## THE RECORDS

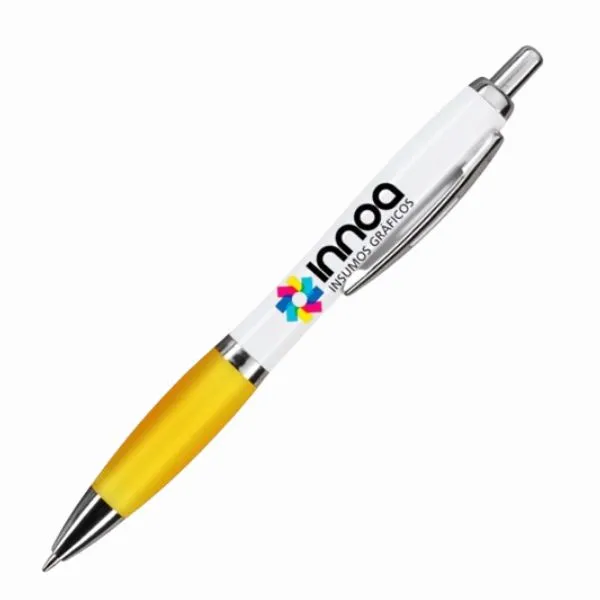 Boligrafo Impreso Full Color K750 PLASTICO CUERPO BLANCO GRIP AMARILLO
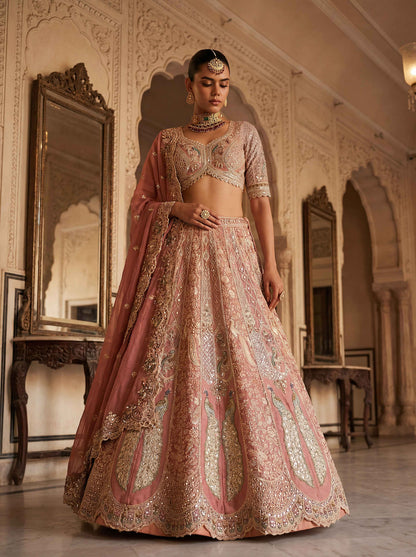 Baby Pink TISSUE HEAVY BEADS WORK Lehenga 1323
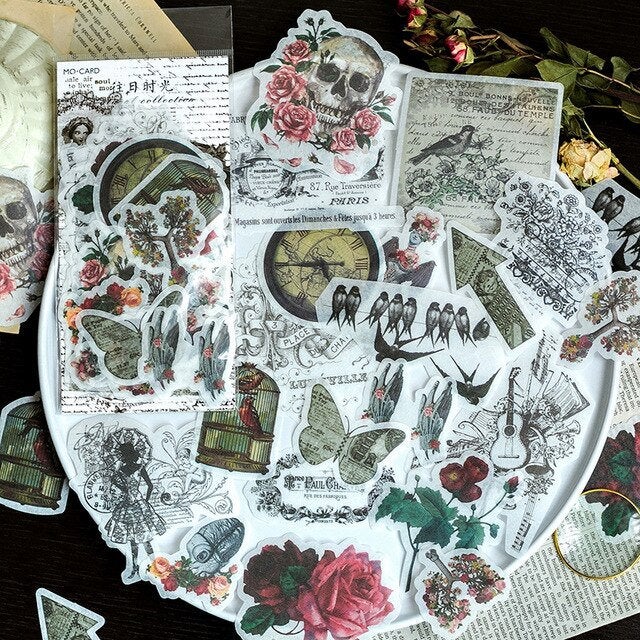 Gothic Altered Art Washi Stickers 60 pcs, Junk Journal Ephemera, Anatomy,  Skull Stickers, and Flower Stickers for Art Journals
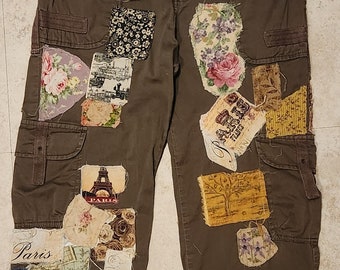 XL Long shorts khaki pants  patched 70s patch patchwork with patches grunge cargo upcycled handmade distressed grunge boho capri  x large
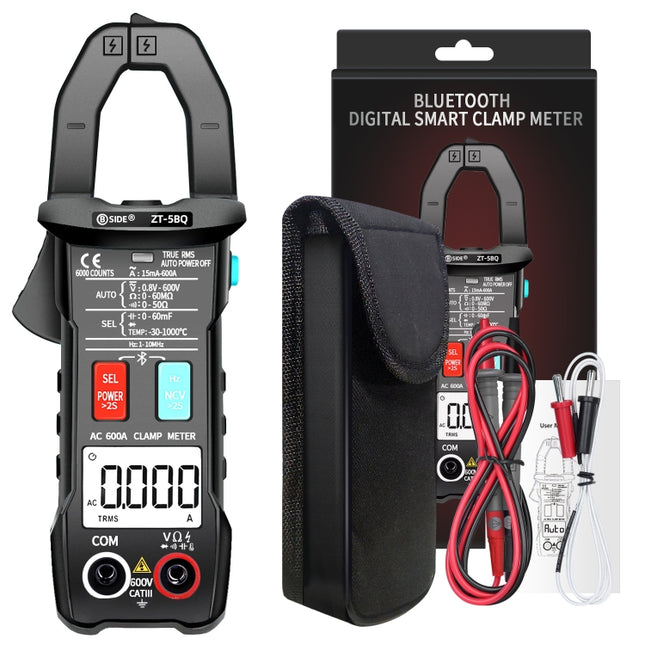 BSIDE  Bluetooth 5.0 6000 Words High Precision Smart AC Clamp Meter, ZT-5BQ, ZT-5BQ+C3140 Clip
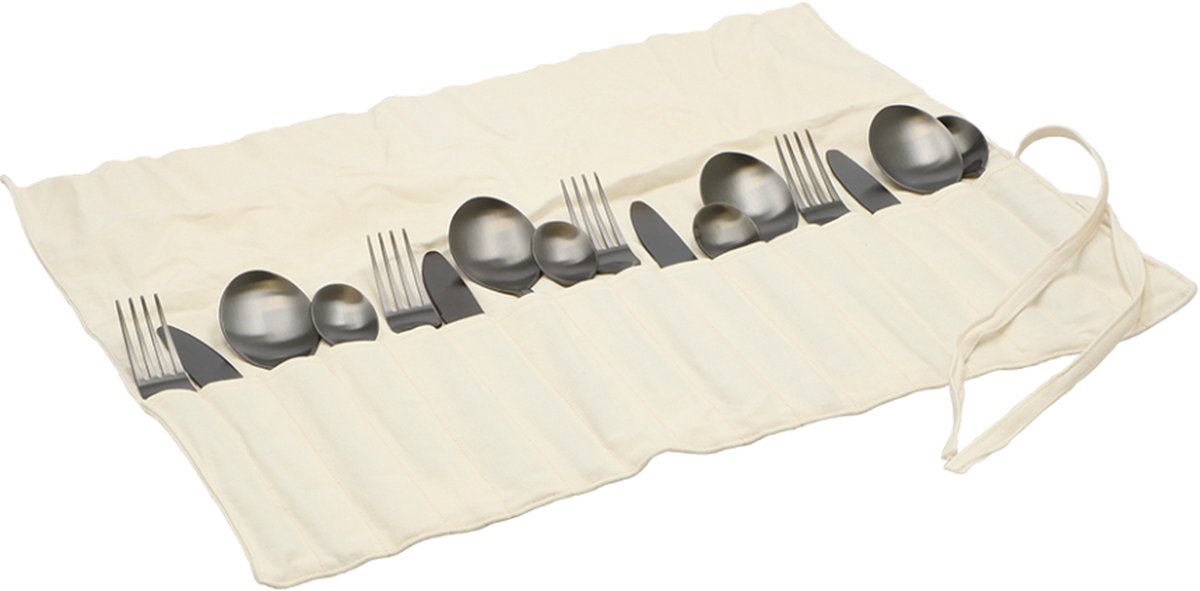 Travellife Altea Camping Bestekset stainless steel black 16-delig - Vaatwasmachinebestendig - Inclusief canvas opbergtas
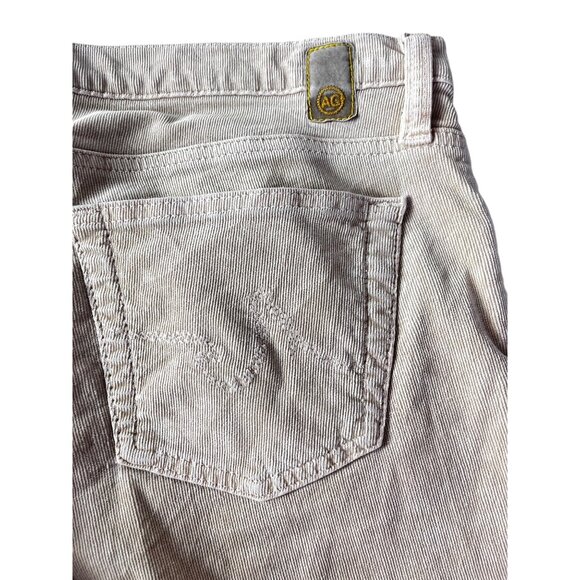 AG Adriano Goldschmied Women's Beige Corduroy Pants Boot Cut 31R Designer 34" - Picture 3 of 9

## TASK BRIEF
The line containing "Gothic Altered Art" marks the end: retype every line from the first one in the listing up to and including it, without pictures.

## ANSWER SPACE
 Boligrafo Impreso Full Color K750 PLASTICO CUERPO BLANCO GRIP AMARILLO
 Baby Pink TISSUE HEAVY BEADS WORK Lehenga 1323
 Gothic Altered Art Washi Stickers 60 pcs, Junk Journal Ephemera, Anatomy,  Skull Stickers, and Flower Stickers for Art Journals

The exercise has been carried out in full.